» **What is being asked**
Copy each line below as it stands, but skip any picture it contains.

» **Provided data**
....

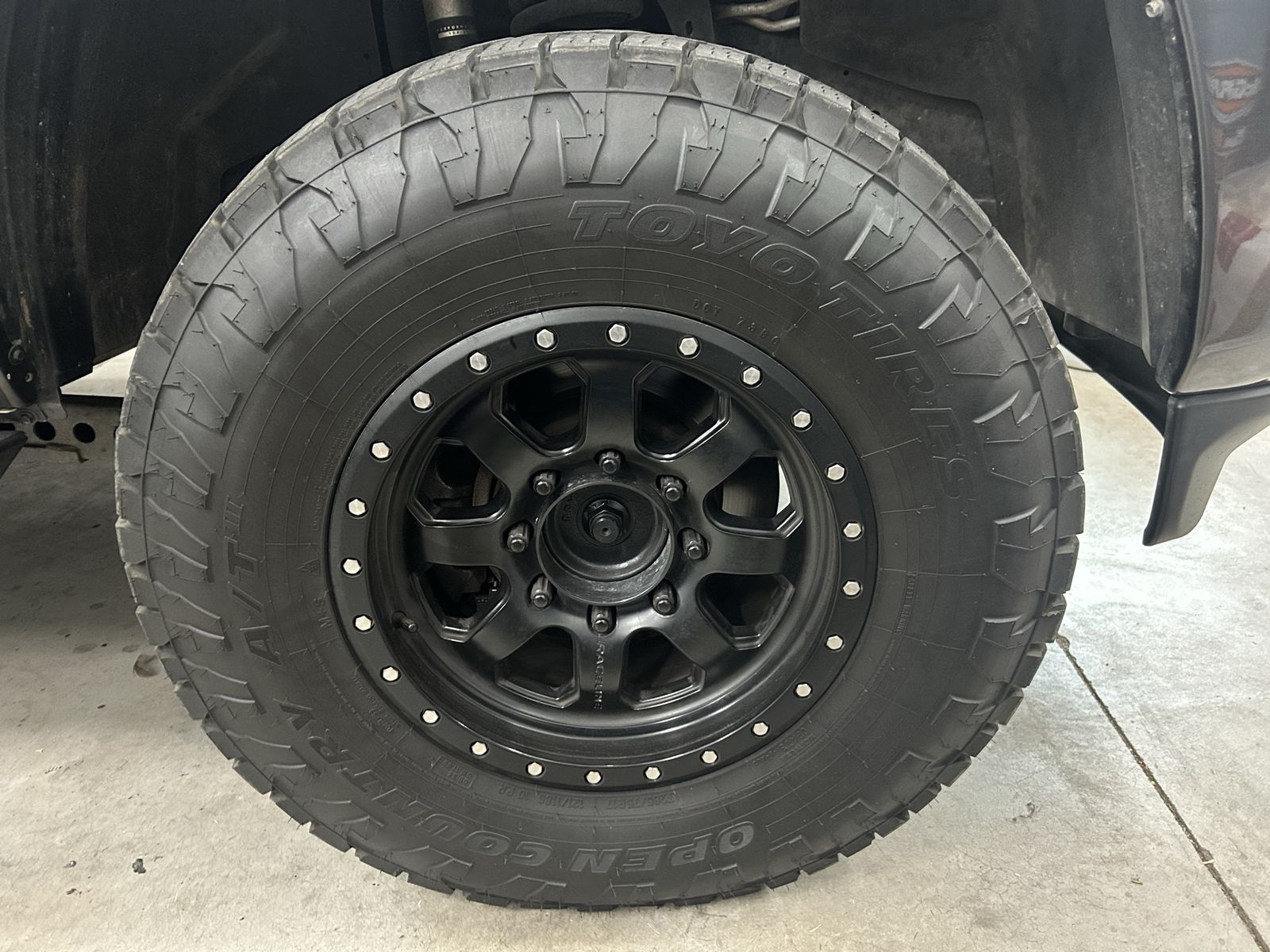 Set of 4 Toyo Open Country A/T III LT285/70R17 Tires with Black Vision 17-inch Wheels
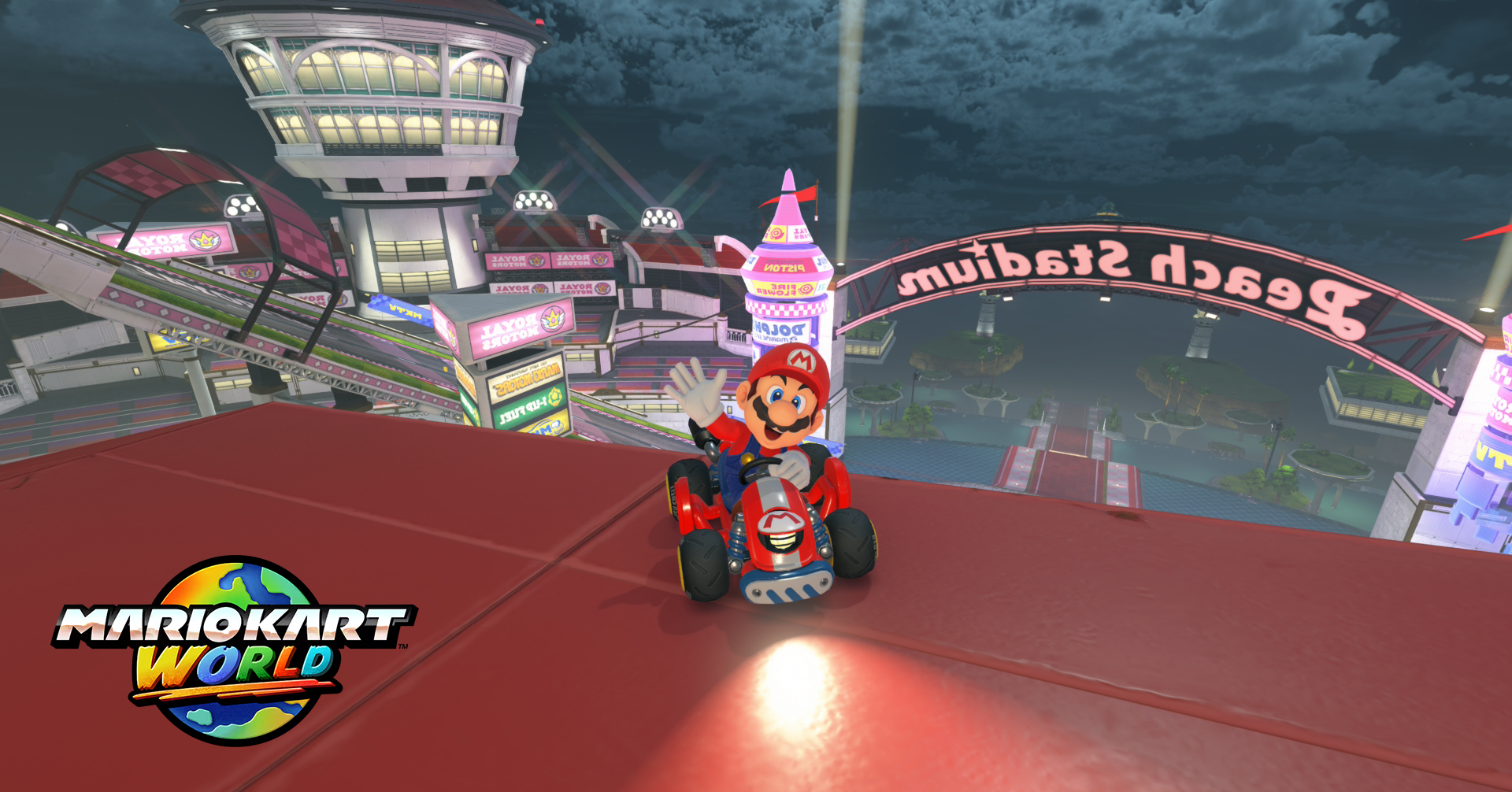 mario kart world capture d'écran montrant Mario dans son lart en train de faire coucou à la caméra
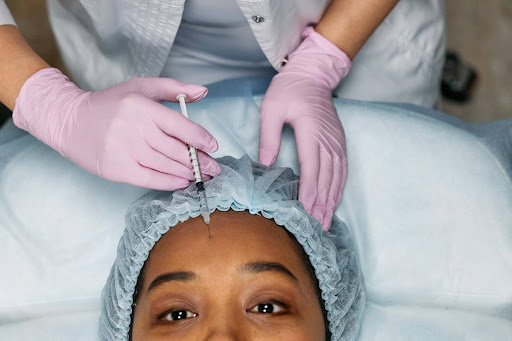 Close-up of a patient receiving a dermal filler injection on the forehead, highlighting the expert care provided for dermal fillers Santa Fe at Seamless Skin MD.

....

» **Solution for this problem**
 Set of 4 Toyo Open Country A/T III LT285/70R17 Tires with Black Vision 17-inch Wheels
 mario kart world capture d'écran montrant Mario dans son lart en train de faire coucou à la caméra
 Close-up of a patient receiving a dermal filler injection on the forehead, highlighting the expert care provided for dermal fillers Santa Fe at Seamless Skin MD.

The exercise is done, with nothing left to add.